JSON schema validation


#1

It is great that NoSQL/Couchbase does not require schema definition before writing a document. But it has the drawback that the database does not enforce consistency across docs. So I devised the following method for adding this control to our architecture.

The idea is that each bucket, besides its regular docs, also stores the schema of those docs. Then the application can use those schemas as it sees fit. It could check every doc against its schema before writing it to CB, or it could randomly check a subset of docs each night. Or only check important docs that have the potential to break something bad.

I am looking for feedback/suggestions on this. Others may copy as they want.

Standards

  • All regular (persisted to disk) documents in Couchbase store their value in JSON format (www.json.org).

  • Every document contains two text fields that state the schema for that document. The fields are docSchema and docSchemaVersion.

  • All documents contain a docType field that is used to distinguish logical document sets within a bucket.

  • Each Couchbase bucket contains a set of special documents that hold the data schemas for all the other documents in that bucket.
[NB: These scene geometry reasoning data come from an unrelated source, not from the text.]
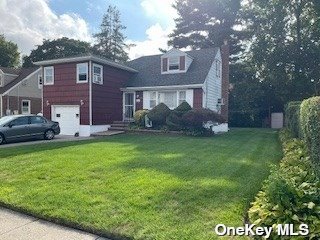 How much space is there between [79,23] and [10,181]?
12569 mm

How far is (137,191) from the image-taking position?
19.1 feet

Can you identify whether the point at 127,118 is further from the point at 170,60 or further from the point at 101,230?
the point at 101,230

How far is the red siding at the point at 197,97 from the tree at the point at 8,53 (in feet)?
137

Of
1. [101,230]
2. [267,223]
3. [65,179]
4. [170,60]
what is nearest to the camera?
[267,223]

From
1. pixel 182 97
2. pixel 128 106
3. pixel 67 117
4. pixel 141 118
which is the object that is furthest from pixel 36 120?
pixel 182 97

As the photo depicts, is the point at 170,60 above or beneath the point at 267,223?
above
The names (keys) of these documents are docSchemas and docSchemasNNNN (where NNNN is 0001, 0002… for previous versions).

  • Each of the schema documents contains a set of JSON schemas (http://json-schema.org), one for each schema in that bucket. The schemas define the list of fields permitted in a document and optionally other constraints such as required fields, non-null fields, numeric ranges for a field, keywords allowed, etc.

  • When a schema changes, the change is backward compatible so new documents match the previous schemas.

  • More than one docType can share a schema. So “worker” and “manager” documents can use the same “person” schema.

Not Addressed in this Standard

  • Memory-only (memcached) buckets that are not written to disk. This data may be more free-form and not governed by these standards.

Example

Bucket: HR_RECORDS

Document: key = jsmith, value = { "docSchema":"utd-hr-person", "docSchemaVersion":"1.0.4", "docType":"worker", "lName":"smith", "fName":"john", "city":"waltham"} 

Document: key = bjones, value = { "docSchema":"utd-hr-person", "docSchemaVersion":"1.0.4", "docType":"manager", "lName":"jones", "fName":"bob", "city":"newton"} 

Document: key = devops, value = { "docSchema":"utd-hr-dept", "docSchemaVersion":"2.2.2", "docType":"department", "name":"Development Operations", "location":"230 Third Ave, Waltham"}
 
Document: key = docSchemas, value = { 
    "utd-hr-person" : {
    "$schema": "http://json-schema.org/draft-04/schema#",
    "title": "utd-hr-person | 1.0.4",
    "description": "The JSON schema for a person who works at UpToDate",
    "type": "object",
      "properties": {"docSchema": {"type": "string"},
        "docSchemaVersion": {"type": "string"},
        "docType": {"type": "string"},
        "lName": {"type": "string"},
        "fName": {"type": "string"},
        "city": {"type": "string"}
      },
      "required": ["docSchema","docSchemaVersion","docType","lName"]
    },
    "utd-hr-dept": {
      "$schema": "http://json-schema.org/draft-04/schema#",
    "title": "utd-hr-dept | 2.2.2",
    "description": "The JSON schema for a company department at UpToDate",
    "type": "object",
      "properties": {"docSchema": {"type": "string"},
        "docSchemaVersion": {"type": "string"},
        "docType": {"type": "string"},
        "name": {"type": "string"},
        "location": {"type": "string"}
      },
      "required": ["docSchema","docSchemaVersion","docType","name"]
    }
    } 

Document: key = doc-schemas-0001, value = similar to above schema, but perhaps with fewer fields


#2

Hi @eben, please engage on this.


#3

Hi @chuck.connell,

FYI, in Couchbase Server 4.5 there is a new N1QL command ‘infer’, which uses a random sample of documents to perform schema inferencing to produce a schema for the documents compliant with the json-schema.org draft standard. It has some extensions, since the standard is designed to be prescriptive, while our schema is descriptive of what was found. For example, we can describe how frequently a field is seen, if it’s not present in every document. Also, when documents are very dissimilar (as can often happen in buckets), we generate multiple schemas for the different ‘flavors’ of document.

Please take a look at the ‘infer’ command and see if it could help you with implementing this proposal.

Regards,

-Eben


#4

Wow! This is very cool. I will try it out. I’m not sure it exactly addresses our goal, since we want to state up front what the doc schemas should be, based on data models from our whiteboards. But “infer” does sound useful in various ways.

Thanks.


#5

Yes, we need schema validation. Let’s continue to work together on this and get something standardized. Adding @till to this thread.